(Records contained in a dataset)

*****

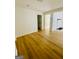 Open-concept living room with beautiful wood floors at 2502 Barge Sw Rd, Atlanta, GA 30331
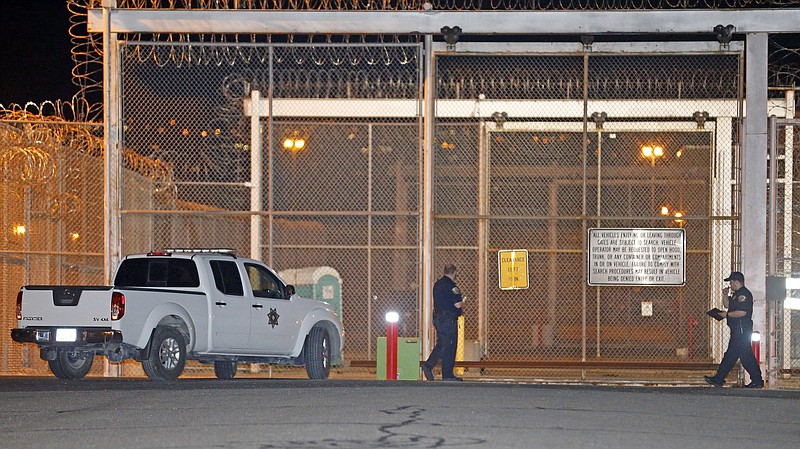 Correctional officers stand outside a gate at the Utah State Correctional Facility Wednesday, Sept. 19, 2018, in Draper, Utah. Wanda Barzee, a woman who helped kidnap Elizabeth Smart when she was a teenager and stood by as the girl was sexually assaulted, was released from prison Wednesday after 15 years in custody. Barzee, 72, left the Utah state prison in the Salt Lake City suburb of Draper, spokeswoman Kaitlin Felsted said in a statement that did not provide details about Barzee's destination. (AP Photo/Rick Bowmer)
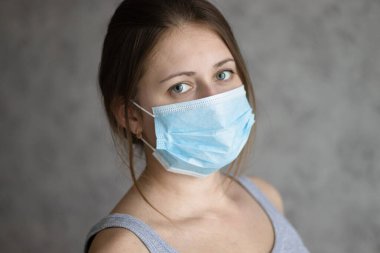 Hava kirliliği, koronavirüs ya da grip yüzünden maske takan güzel bir genç kadın. Yüz koruması için tıbbi maskeli bir kız. Virüs salgınını ya da salgınını önleme yöntemi.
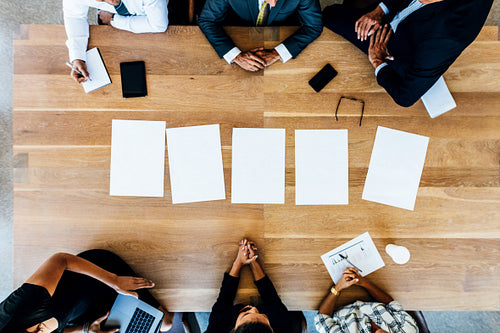 Multi-ethnic business people in meeting with blank pages on table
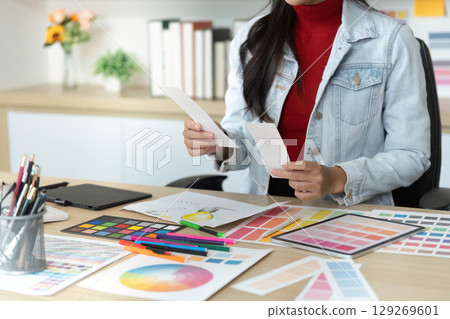 Designer Reviewing Color Samples and Sketches in Office 129269601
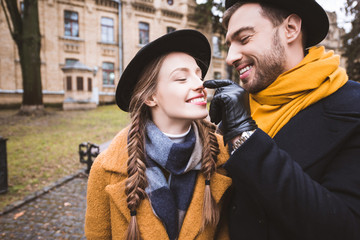 happy beardman touching nose of his girlfriend by finger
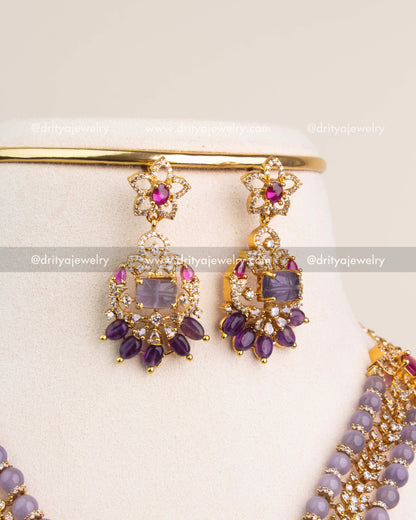 Gold finish earrings with lavender stone center, ruby accents, and amethyst bead drops.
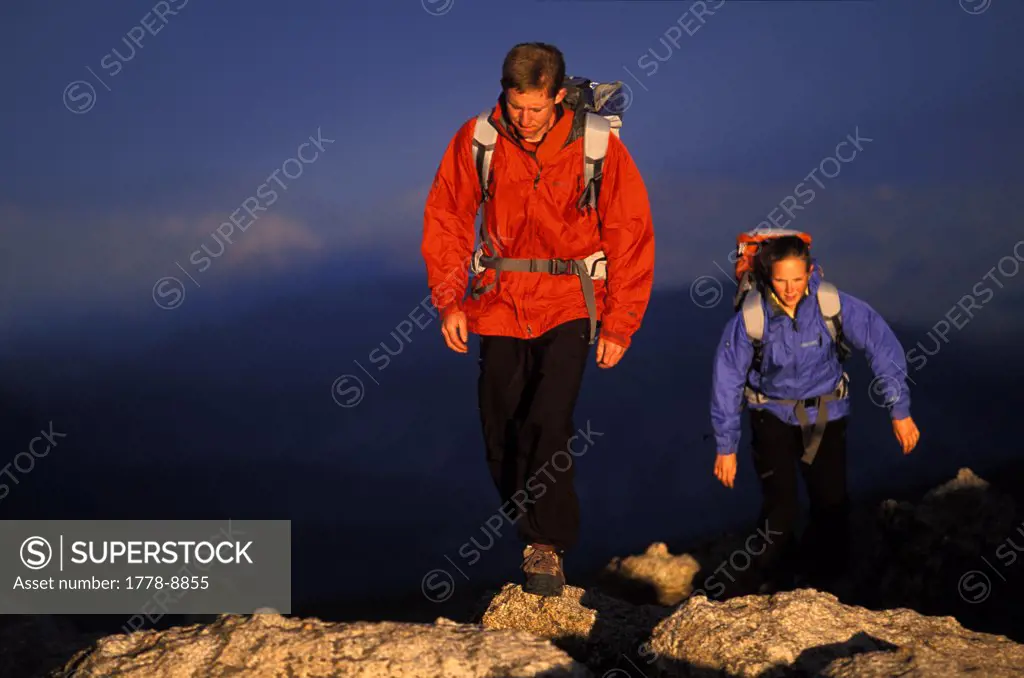 Man and woman hike up hill on a ridge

*****

## Aim of the task
Although the records contain pictures, transcribe only their text, exactly as written.

## Response to this task
 Open-concept living room with beautiful wood floors at 2502 Barge Sw Rd, Atlanta, GA 30331
 Correctional officers stand outside a gate at the Utah State Correctional Facility Wednesday, Sept. 19, 2018, in Draper, Utah. Wanda Barzee, a woman who helped kidnap Elizabeth Smart when she was a teenager and stood by as the girl was sexually assaulted, was released from prison Wednesday after 15 years in custody. Barzee, 72, left the Utah state prison in the Salt Lake City suburb of Draper, spokeswoman Kaitlin Felsted said in a statement that did not provide details about Barzee's destination. (AP Photo/Rick Bowmer)
 Hava kirliliği, koronavirüs ya da grip yüzünden maske takan güzel bir genç kadın. Yüz koruması için tıbbi maskeli bir kız. Virüs salgınını ya da salgınını önleme yöntemi.
 Multi-ethnic business people in meeting with blank pages on table
 Designer Reviewing Color Samples and Sketches in Office 129269601
 happy beardman touching nose of his girlfriend by finger
 Gold finish earrings with lavender stone center, ruby accents, and amethyst bead drops.
 Man and woman hike up hill on a ridge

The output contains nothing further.